6.4 Le 13 juillet également, après une audience de la High Court de la Trinité‑et‑Tobago, le juge a refusé le sursis à exécution. Immédiatement après, un appel a été formé et la cour d’appel de la Trinité‑et‑Tobago a ouvert l’audience sur le recours vers 0 h 30, heure de la Trinité‑et‑Tobago, le 14 juillet. Devant la cour d’appel, l’avocat des défendeurs a déclaré que, quelque assurance qu’ait pu recevoir le Conseil privé, Glenn Ashby serait pendu à 7 heures du matin, heure de la Trinité‑et‑Tobago (midi, heure de Londres), à moins que la cour d’appel n’ordonne une mesure conservatoire. La cour d’appel a alors proposé de s’ajourner à 11 heures, heure de la Trinité‑et‑Tobago, afin de se renseigner sur ce qui s’était exactement passé au Conseil privé. Les avocats de M. Ashby ont demandé une ordonnance conservatoire valable jusqu’à 11 heures, en faisant remarquer que l’exécution avait été reportée à 7 heures du matin et que l’avocat des défendeurs avait indiqué sans ambiguïté que le condamné ne pouvait en aucune manière compter sur les garanties données au Conseil privé. La cour a considéré que, dans l’intervalle, M. Ashby pouvait compter sur les assurances données au Conseil privé, et a donc refusé de rendre une ordonnance conservatoire. La cour a donc décidé de s’ajourner à 6 heures du matin. Les avocats de M. Ashby ont demandé une ordonnance conservatoire provisoire valable jusqu’à 6 heures du matin mais la cour a refusé. À aucun moment les avocats de l’État partie n’ont indiqué que l’exécution devait avoir lieu plus tôt que 7 heures du matin.
6.5 Le 14 juillet, à Londres, à 10 h 30 (heure de Londres), lors d’une audience extraordinaire du Conseil privé, le représentant du Procureur général de la Trinité‑et‑Tobago à Londres a signé un document, contresigné par le conseil de Glenn Ashby, rendant compte de ce qui s’était passé et de ce qui avait été dit au Conseil privé le 13 juillet.

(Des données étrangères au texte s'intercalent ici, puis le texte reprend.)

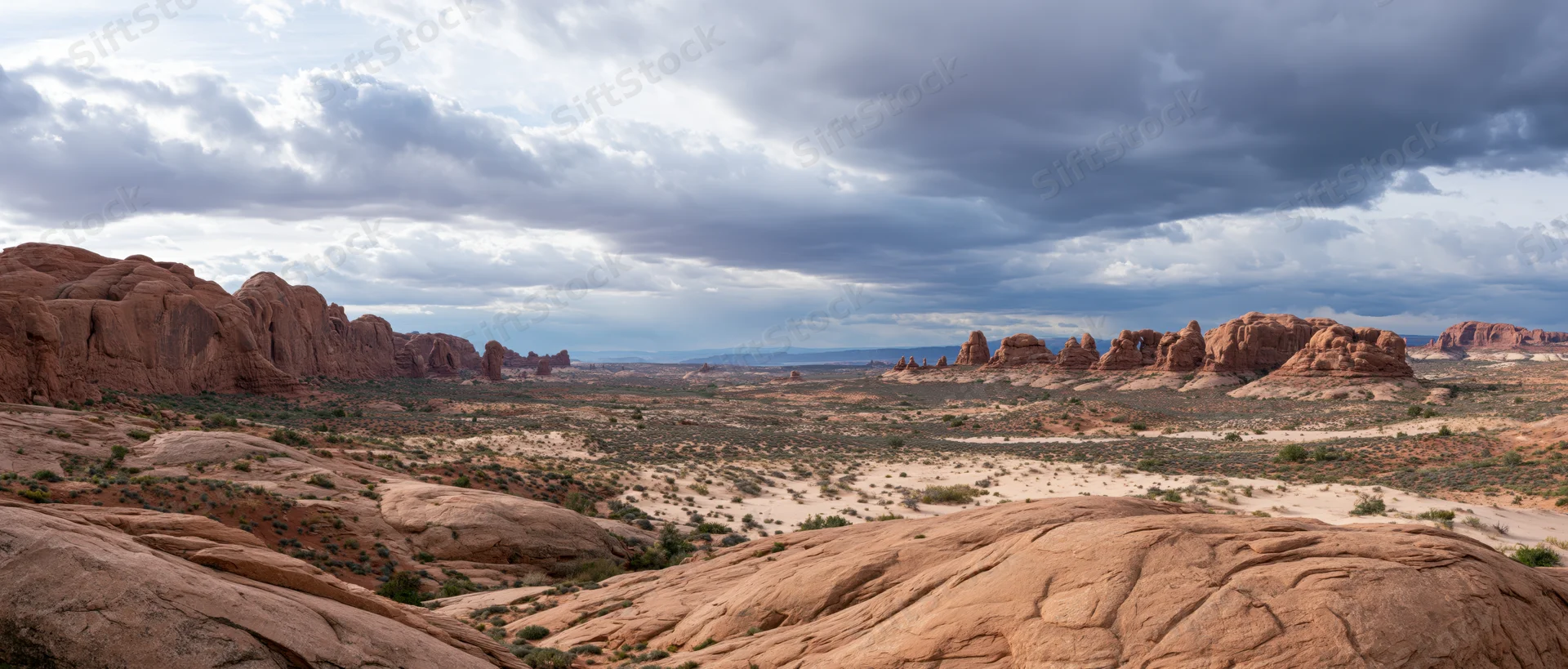 Red rock formations in a desert landscape under cloudy sky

Le greffier du Conseil privé a immédiatement adressé par télécopie ce document, comportant trois pages manuscrites, à la cour d’appel et aux avocats des deux parties à la Trinité‑et‑Tobago. Les avocats de M. Ashby à la Trinité‑et‑Tobago l’ont reçu avant 6 heures du matin. Le Conseil privé a alors demandé des précisions supplémentaires sur la position du Procureur général. Comme il n’en obtenait pas, il a ordonné le sursis à exécution, vers 11 h 30, heure de Londres, enjoignant que l’exécution n’ait pas lieu. À peu près à la même heure, vers 6 h 20 à la Trinité‑et‑Tobago, la cour d’appel reprenait l’audience. Les avocats de Glenn Ashby ont informé la cour qu’en ce même moment le Conseil siégeait à Londres. Le conseil de M. Ashby a remis à la cour le document de trois pages reçu par télécopie.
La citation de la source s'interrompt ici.